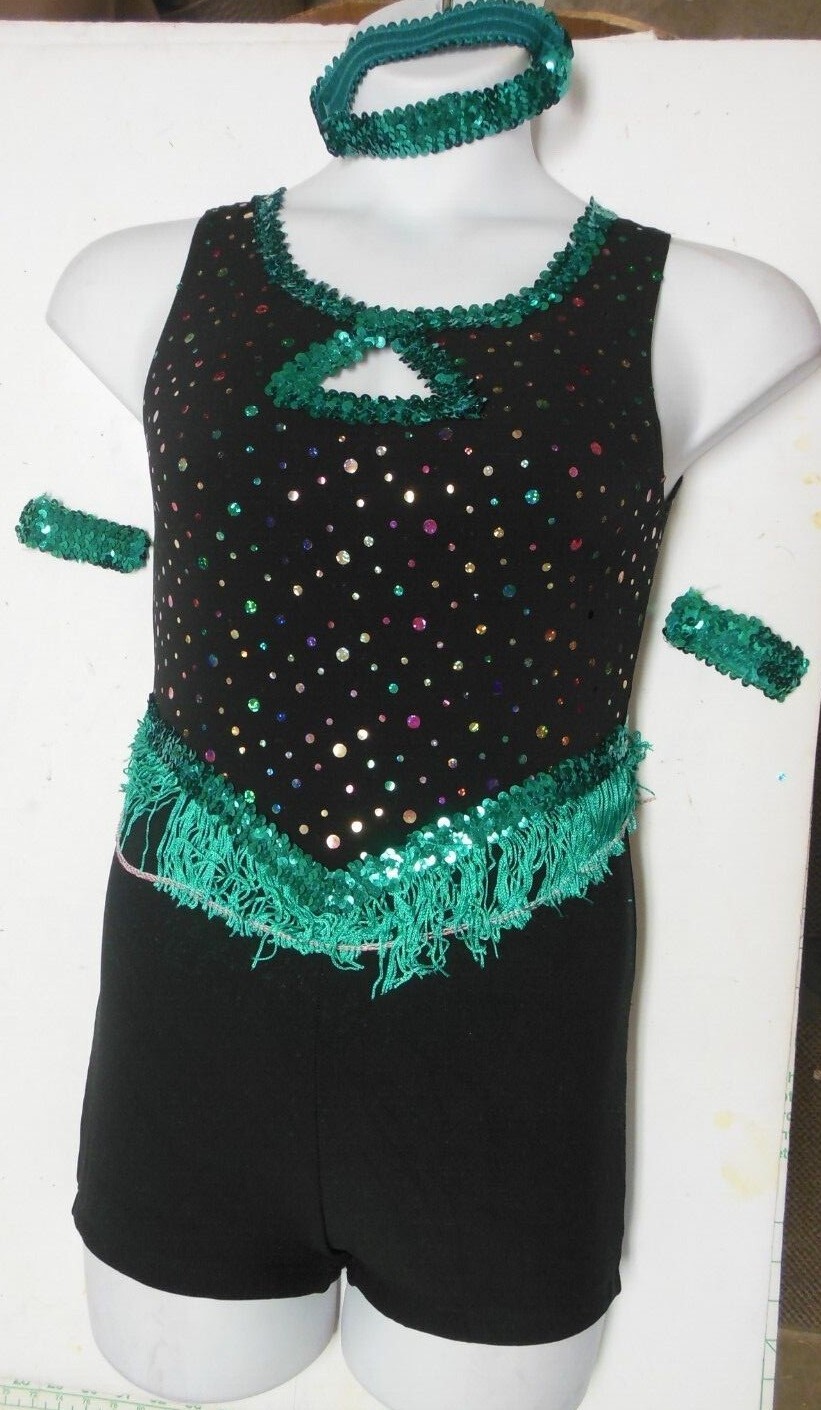 Dance Costume SHORTY UNITARD LADIES SPOTLIGHT FOIL JADE Green SEQUIN FRINGE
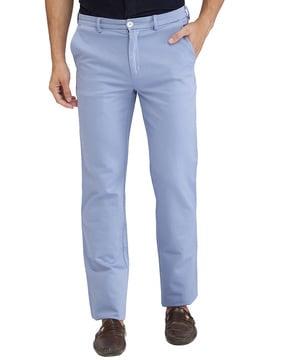 men tapered fit flat-front trousers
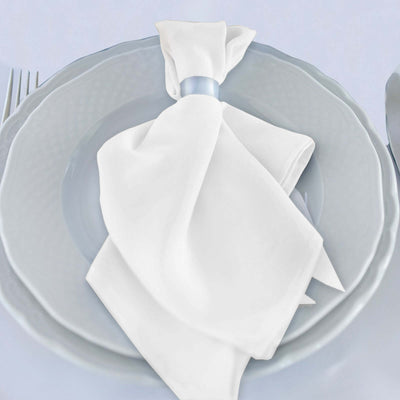 5 Pack Scuba 20"x20" Napkins White - Durable & Reusable Dinner Napkins for a Polished Tablescape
^^^^^^^^^^^^^^^^
## Action item
Return the material above in exact form. Pictures stay out.

## Solution to the problem
 Dance Costume SHORTY UNITARD LADIES SPOTLIGHT FOIL JADE Green SEQUIN FRINGE
 men tapered fit flat-front trousers
 5 Pack Scuba 20"x20" Napkins White - Durable & Reusable Dinner Napkins for a Polished Tablescape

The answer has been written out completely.